Spark ML Workshop

This project contains tasks for getting acquainted with the Spark MLlib library. After getting acquainted with the structure of the project and installing the necessary dependencies, you can proceed to the task task1.md.

Project Structure

.
└───SparkMLCourse                         # Project folder
    ├──data                               # Folder with the data that will be required when performing the task
    │  └──titanic                         # Folder with titanic data
    │     ├──gender_submission.csv        # Answers for the test set
    │     ├──test.csv                     # Test set
    │     └──train.csv                    # Training set
    ├──images                             # Images for README
    ├──lectures                           # Lectures folder
    ├──SparkCustomMLSkeleton              # Code skeleton with custom transformers and estimators
    ├──SparkCustomMLPipeline              # Code example with custom transformers and estimators and basic pipeline
    ├──SparkMLPipeline                    # Project example with Spark ML
    ├──task1.md                           # Task 1 description
    └──README.md                          # Awesome README

Setting up the environment

As a rule, Spark is installed on clusters and allows you to run tasks on the nodes of this cluster. However, Spark can also be run in local mode. This allows you to install it on any computer or laptop and create and test pipelines on it, and then the same code can be used on a real cluster. This module provides instructions for installing the necessary components.

We will need:

  • Java Development Kit (JDK) - is an implementation of either one of the Java Platform, Standard Edition, Java Platform, Enterprise Edition, or Java Platform, Micro Edition platforms released by Oracle Corporation in the form of a binary product aimed at Java developers on Solaris, Linux, macOS or Windows. The JDK includes a private JVM, and a few other resources to finish the development of a Java application. Since the introduction of the Java platform, it has been by far the most widely used Software Development Kit (SDK).
  • Scala - is a strong statically typed general-purpose programming language which supports both object-oriented programming and functional programming.
  • sbt - is an open-source build tool for Scala and Java projects, similar to Apache's Maven and Ant.
  • Python - is an interpreted high-level general-purpose programming language.
  • Apache Spark - is an open-source unified analytics engine for large-scale data processing.
  • Integrated development environment (IDE) - is any code redactor.

Installing JDK

It is recommended to use JDK11.

  1. Go to: https://www.oracle.com/java/technologies/javase-jdk11-downloads.html
  2. Choose your platform and download the installer.
  3. Install it.

Alt text

Installing sbt

It is recommended to use the latest version.
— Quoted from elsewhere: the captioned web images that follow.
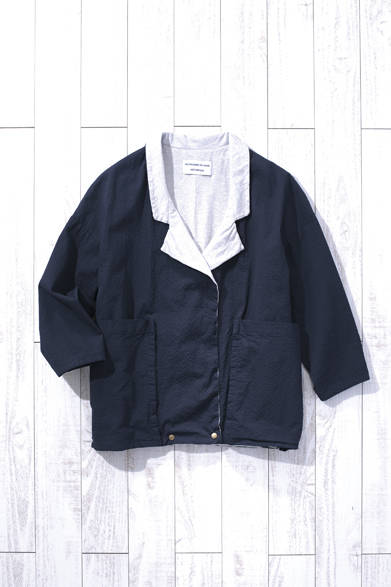 WOMEN'S | A casual jacket that will be a useful addition to your wardrobe for the upcoming season. The jersey lining ensures comfort and makes it easy to coordinate with dresses or any bottoms. Cotton Jersey Jacket ¥50,000 (Les Prairies De Paris)<br />*Tax excluded price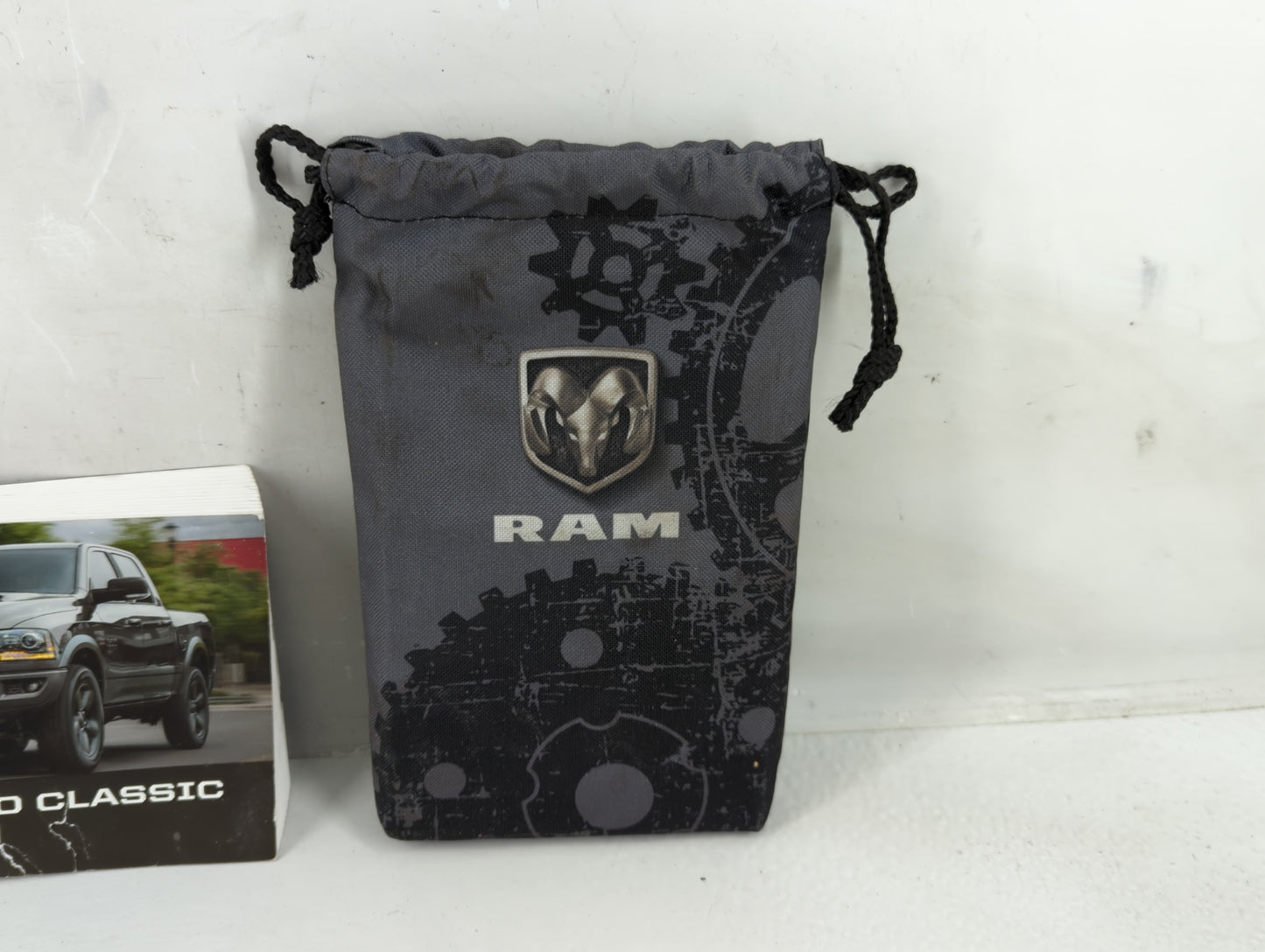 2020 Dodge Ram 1500 Owners Manual Book Guide OEM Used Auto Parts - Oemusedautoparts1.com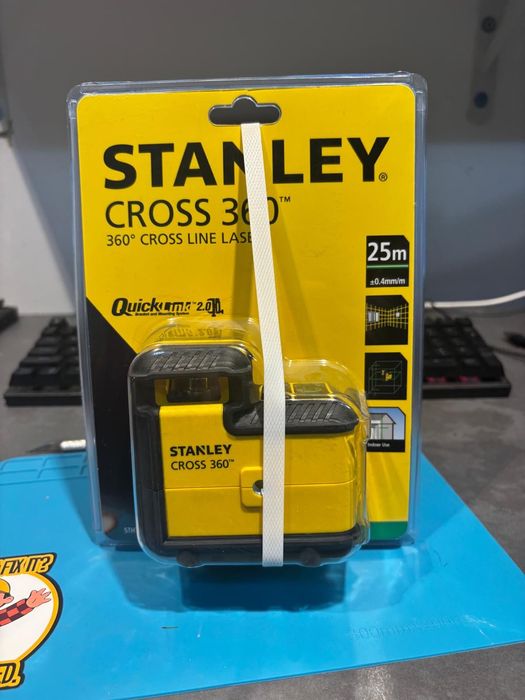 Nivelă Laser Cross 360 verde Stanley STHT77594-1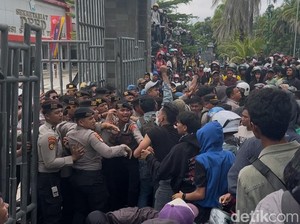 Demo di Depan Kantor DPRD Sultra, Mahasiswa-Polisi Saling Dorong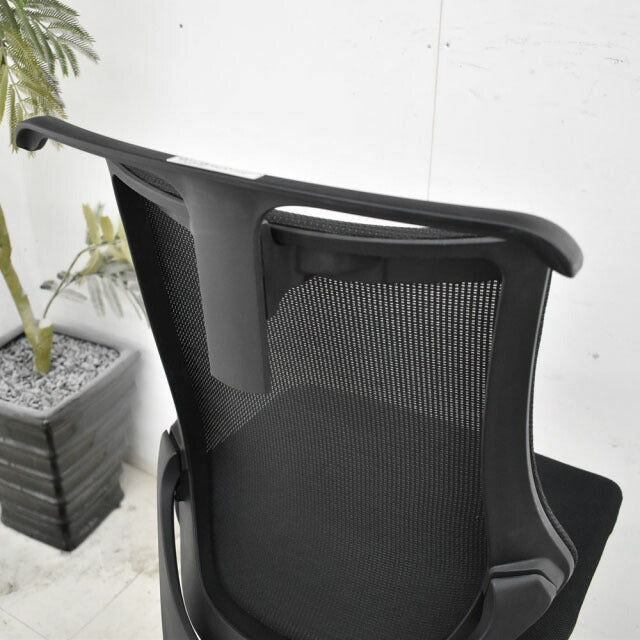 イトーキ f・エフチェア ハイバック ハンガー 肘なし 2018年製 2023020402【中古オフィス家具】【中古】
  1. Go to https://www.scala-sbt.org/download.html
  2. Depending on your platform, run the appropriate commands, or download the archive with the installer and install it.

Alt text

Installing Scala

It is recommended to use Scala 2.12.x.

  1. Go to https://www.scala-lang.org/download/2.12.14.html
  2. Choose your platform and download the installer.
  3. Install it.

Alt text

Installing Spark

It is recommended to use Spark 3.x.x.

  1. Go to https://archive.apache.org/dist/spark/spark-3.1.2/
  2. Download "without-hadoop" version.
  3. Install it.

Alt text

Installing Python

It is recommended to use Python 3.x.x.

  1. Go to https://www.python.org/downloads/
  2. Choose your platform and download the installer.
  3. Install it.

Alt text

IDE

You can develop in any code editor that is convenient for you. We recommend using Intellij IDEA.

To install Intellij IDEA:

  1. Go to https://www.jetbrains.com/idea/download/#section=mac
  2. Choose your platform and download the installer.
  3. Install it. NOTE: During installation, it is also recommended installing the Scala plugin.

Alt text

Using docker

Using docker container to run examples

Pull image and run docker container
docker pull jupyter/all-spark-notebook
docker run -p 4040:4041 -p 8888:8888 --rm -it  -v "${PWD}":/home/jovyan --name all-spark-notebook jupyter/all-spark-notebook

Open Jupyter notebooks

To access to notebooks use url with token from terminal (It will be appear when you run docker run). Example of this url:

http://127.0.0.1:8888/?token=ba4ac51b4c0c7d9f98a9e99f0e4043e9dce9ed219cd43c44

Upload sample data

To upload data:

  1. Create folder data: create-new-folder
  2. Create folder mllib in folder data
  3. Click on upload button: upload data
  4. Choose file and click on open button
  5. Click on upload button

Note: To execute example Spark ML ALS you should create folder als in folder mllib and upload file sample_movielens_ratings.txt to this folder

Create notebooks

To create new notebook:

  1. Click on New
  2. Choose spylon-kernel

Examples that are used in workshop

You can find these examples here: Spark mllib examples

List example files

In examples there are used next examples:

  1. sample_binary_classification_data.txt
  2. sample_kmeans_data.txt
  3. sample_libsvm_data.txt
  4. sample_linear_regression_data.txt
  5. sample_movielens_data.txt
  6. sample_multiclass_classification_data.txt
  7. als/sample_movielens_ratings.txt
Download example files.
  1. Open this link in browser: https://github.com/apache/spark/blob/master/data/mllib/sample_libsvm_data.txt
  2. Locate the "Raw" button adjacent to the "Blame" button.
  3. Press "Alt" ("Option" on Macbook) on your keyboard and left-click on your mouse at the same time.
  4. The file will download automatically in a ".txt" format (it did for me)
  5. Download file to your data folder